Exactly the lines from the top of the records below through the one containing "Photo of Bedroom in Centerville" must be set down, with no line added or dropped.

Segment Open

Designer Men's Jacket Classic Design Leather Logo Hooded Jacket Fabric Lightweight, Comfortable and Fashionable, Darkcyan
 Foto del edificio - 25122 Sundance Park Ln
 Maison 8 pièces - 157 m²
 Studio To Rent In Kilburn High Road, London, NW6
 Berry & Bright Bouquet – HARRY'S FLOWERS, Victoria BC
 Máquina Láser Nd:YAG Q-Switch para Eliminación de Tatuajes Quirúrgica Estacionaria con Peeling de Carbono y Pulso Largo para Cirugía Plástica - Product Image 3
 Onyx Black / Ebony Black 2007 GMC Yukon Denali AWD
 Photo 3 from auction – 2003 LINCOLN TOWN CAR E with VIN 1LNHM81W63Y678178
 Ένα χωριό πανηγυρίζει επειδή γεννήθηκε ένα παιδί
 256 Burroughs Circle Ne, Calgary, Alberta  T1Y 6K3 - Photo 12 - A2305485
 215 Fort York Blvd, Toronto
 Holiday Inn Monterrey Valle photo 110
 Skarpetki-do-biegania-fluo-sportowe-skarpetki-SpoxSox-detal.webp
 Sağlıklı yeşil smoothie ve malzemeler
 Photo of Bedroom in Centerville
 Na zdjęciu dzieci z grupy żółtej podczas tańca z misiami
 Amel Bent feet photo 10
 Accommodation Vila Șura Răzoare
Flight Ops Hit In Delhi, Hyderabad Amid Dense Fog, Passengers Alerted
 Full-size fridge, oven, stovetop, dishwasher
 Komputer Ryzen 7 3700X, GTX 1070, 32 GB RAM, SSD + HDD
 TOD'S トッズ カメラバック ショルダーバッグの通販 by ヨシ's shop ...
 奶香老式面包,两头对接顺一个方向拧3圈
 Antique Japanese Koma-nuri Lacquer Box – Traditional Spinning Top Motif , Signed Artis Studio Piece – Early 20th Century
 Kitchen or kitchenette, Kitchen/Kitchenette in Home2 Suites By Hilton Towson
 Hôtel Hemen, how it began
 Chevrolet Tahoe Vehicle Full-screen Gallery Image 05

Segment Closed

EXERCISE SOLUTION:
Designer Men's Jacket Classic Design Leather Logo Hooded Jacket Fabric Lightweight, Comfortable and Fashionable, Darkcyan
 Foto del edificio - 25122 Sundance Park Ln
 Maison 8 pièces - 157 m²
 Studio To Rent In Kilburn High Road, London, NW6
 Berry & Bright Bouquet – HARRY'S FLOWERS, Victoria BC
 Máquina Láser Nd:YAG Q-Switch para Eliminación de Tatuajes Quirúrgica Estacionaria con Peeling de Carbono y Pulso Largo para Cirugía Plástica - Product Image 3
 Onyx Black / Ebony Black 2007 GMC Yukon Denali AWD
 Photo 3 from auction – 2003 LINCOLN TOWN CAR E with VIN 1LNHM81W63Y678178
 Ένα χωριό πανηγυρίζει επειδή γεννήθηκε ένα παιδί
 256 Burroughs Circle Ne, Calgary, Alberta  T1Y 6K3 - Photo 12 - A2305485
 215 Fort York Blvd, Toronto
 Holiday Inn Monterrey Valle photo 110
 Skarpetki-do-biegania-fluo-sportowe-skarpetki-SpoxSox-detal.webp
 Sağlıklı yeşil smoothie ve malzemeler
 Photo of Bedroom in Centerville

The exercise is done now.